One promising method for evaluating AI-generated medical descriptions involves the CLIP score, which measures the alignment between text and images. In AI models generating medical descriptions from images or videos, this approach calculates the cosine similarity between vectors representing the input (image/video) and the output (text). A score closer to 1 indicates better alignment.

By applying this technique to medical AI models, we can quantify how accurately the generated descriptions match the visual data. This method offers a standardized, objective way to assess the reliability of AI-generated content, which is needed to ensure trust in health care applications.

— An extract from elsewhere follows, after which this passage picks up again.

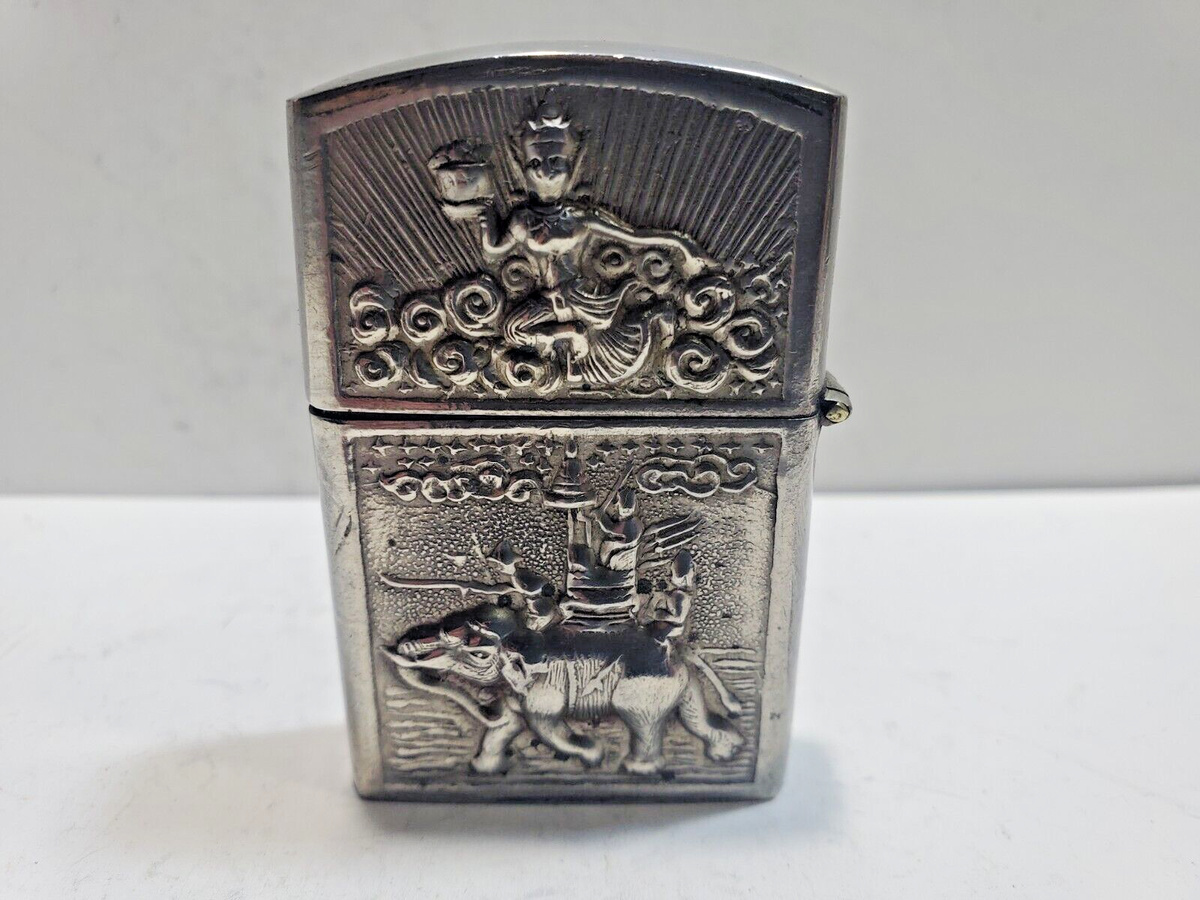 Working Vintage Sterling Silver Siam Lighter, Zippo Insert Working Vintage Sterling Silver Siam Lighter, Zippo Insert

The need for standardization in health care AI evaluation

As generative AI becomes more embedded in health care workflows, standardized evaluation frameworks are crucial. The risks associated with inaccurate AI-generated outputs — whether in medical summaries or surgical video interpretations — are too high to rely on inconsistent evaluation methods. Standardized frameworks would provide consistent criteria to ensure AI outputs are precise, reliable and transparent. Additionally, integrating AI explainability mechanisms into these frameworks would allow users to understand and trust the decision-making processes behind AI outputs, further ensuring safe and effective technology use.

Organizations like HealthAI and the Coalition for Health AI are working to develop validation mechanisms and assurance labs for health care AI. These initiatives aim to create standardized frameworks that can be widely adopted, meeting regulatory requirements such as the EU AI Act and the U.S. Executive Order on AI.

As generative AI models continue to become increasingly sophisticated and integrate deeper into clinical workflows, the need for reliable, objective and standardized metrics becomes increasingly urgent. Emerging techniques, such as adapting the CLIP score for multimodal data evaluation, illustrate the importance of developing advanced metrics. These metrics are needed to accurately capture the complexity of medical procedures, especially in complex medical areas. Establishing robust, standardized evaluation frameworks will ensure that models are safe, effective and trustworthy in health care settings.

Neeraj Mainkar, PhD, is vice president of software engineering and advanced technology at Proprio, and has more than 25 years of experience in the regulated software industry. A computational physicist by training, he is passionate about medical technology software and strongly believes in the application of advanced digital technologies in the operating room to support the enhancement of surgeon performance and improved patient outcomes.